From the line containing "2026�� �Ŀ�� E 300 L ʱ����" to the end of the records, print every line exactly, both ends included, and leave out the pictures.

++++

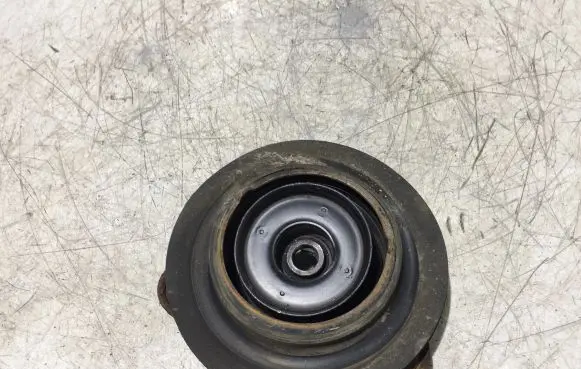 Toyota RAV 4 (XA50) Front upper strut mount 
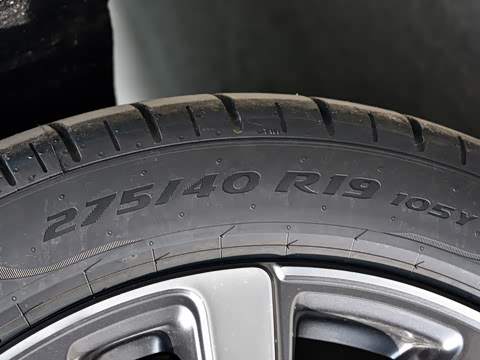 2026�� �Ŀ�� E 300 L ʱ����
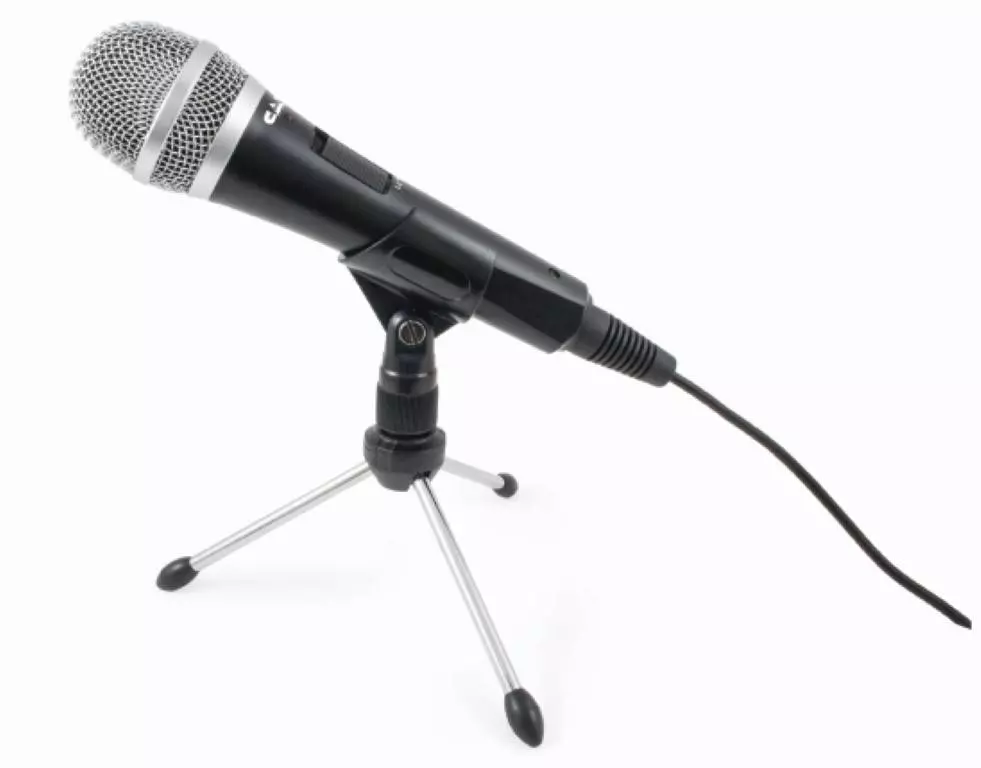 Cardioid Dynamic Handheld Microphone w/ Tripod Stand, 10 ft USB Cable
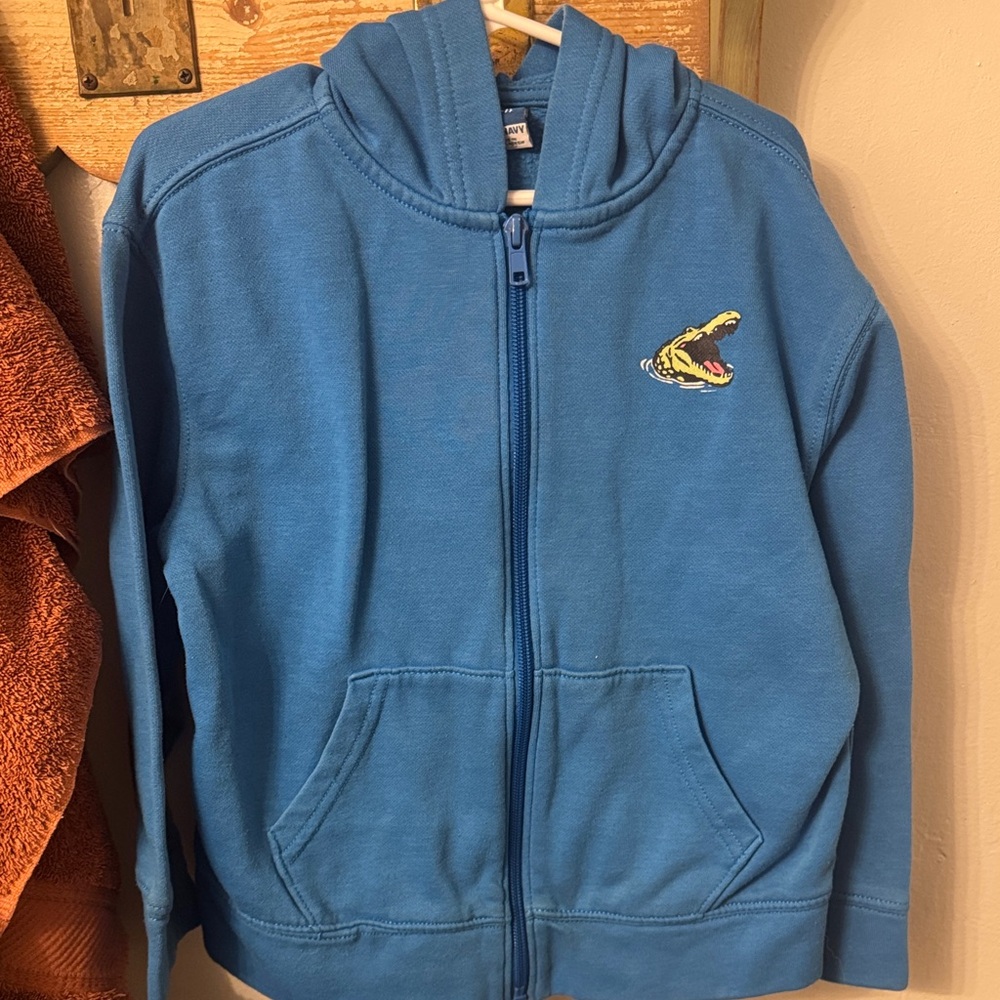Boys 6/7 old navy zip sweater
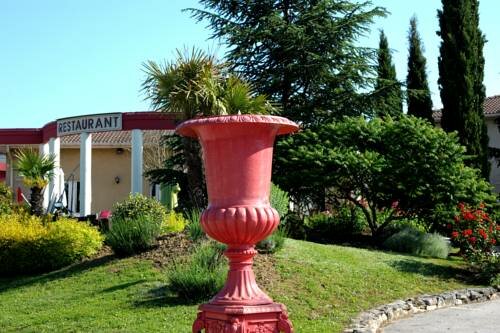 Гостиница La Roseli& xE8; re в Ла-Туре-дю-Пене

++++

ANSWER BELOW:
 2026�� �Ŀ�� E 300 L ʱ����
 Cardioid Dynamic Handheld Microphone w/ Tripod Stand, 10 ft USB Cable
Boys 6/7 old navy zip sweater
 Гостиница La Roseli& xE8; re в Ла-Туре-дю-Пене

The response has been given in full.